3/28/2016 - 12:05 PM

Comprehensions in Python the Jedi way

Rendered
Source

Comprehensions in Python the Jedi way

Beautiful is better than ugly. Explicit is better than implicit.

I frequently deal with collections of things in the programs I write. Collections of droids, jedis, planets, lightsabers, starfighters, etc. When programming in Python, these collections of things are usually represented as lists, sets and dictionaries. Oftentimes, what I want to do with collections is to transform them in various ways. Comprehensions is a powerful syntax for doing just that. I use them extensively, and it's one of the things that keep me coming back to Python. Let me show you a few examples of the incredible usefulness of comprehensions.

All of the tasks presented in the examples can be accomplished with the extensive standard library available in Python. These solutions would arguably be more terse and efficient in some cases. I don't have anything against the standard library. To me there is a certain elegance and beauty in the explicit nature of comprehensions. Everything you need to know is right there in the code in a concise and readable form – no need to dig through the docs.
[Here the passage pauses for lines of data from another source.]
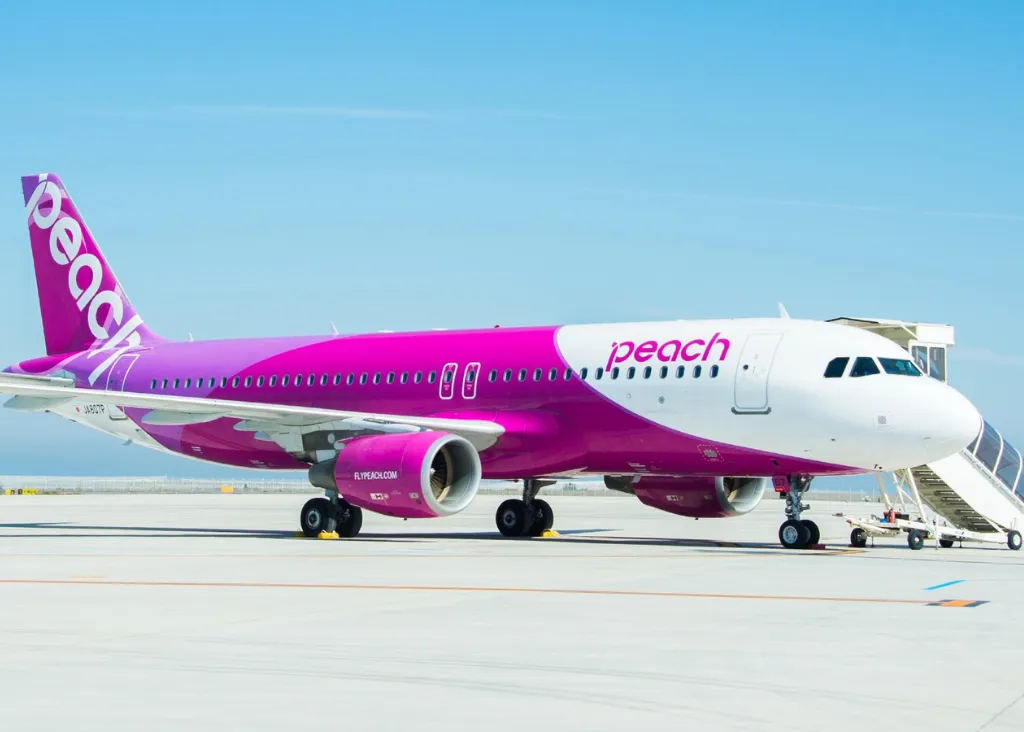 樂桃航空便宜機票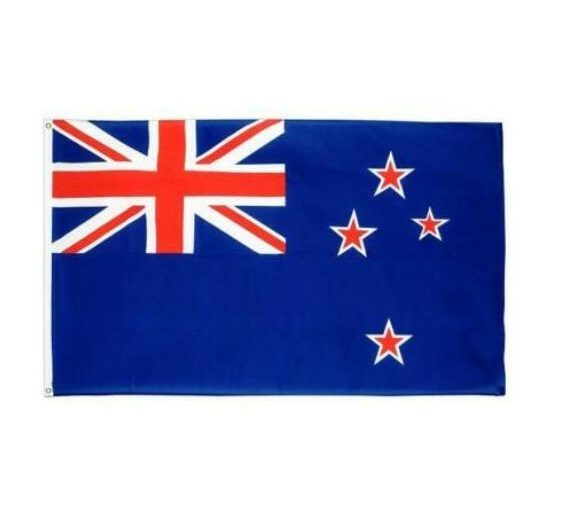 Breeze 3x5 Foot New Zealand Flag63617623107714112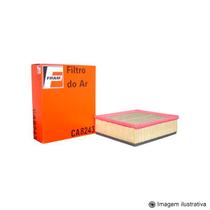 Filtro de Ar Seco Explorer V6 - 4.0 / 2.5 97/... Ranger 4.0 6CC 98/... Pick Up B2500 Gasolina 98/...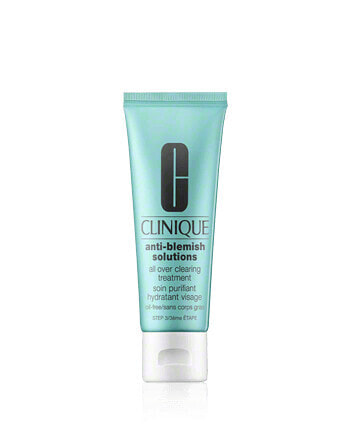 Clinique Anti-Blemish Solutions All-Over Clearing Treatment (50 ml)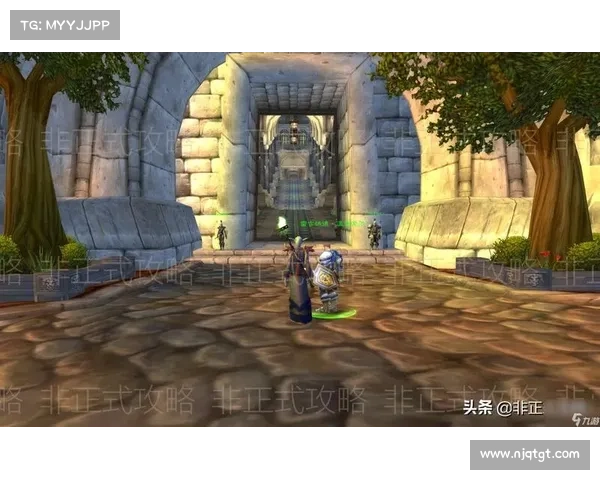 魔兽世界攻击距离显示：战斗中的精准定位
Note: I'm using Python 3.5. List, set, and dictionary comprehensions are available in Python 2.7 and above, but the functions and syntax used in the examples might not be available/valid for other versions of Python.

Bleeps and bloops

We are trying to have a meaningful conversation with R2-D2, but he just bleeps and bloops in a seemingly random pattern. After scratching our head for a while, we start jotting down the sequence of bleeps 0 and bloops 1:

bbs = '01110011001000000110111001101111001000000010000001101001001000000111001101101110001000000110010100100000001000000110100000100000001000000110010100100000011100100010000000100000011100000110110100100000011011110010000001100011'

Hmm. That looks interesting. Maybe it's octets of bits denoting ASCII characters? Let's try splitting up the bit string into octets.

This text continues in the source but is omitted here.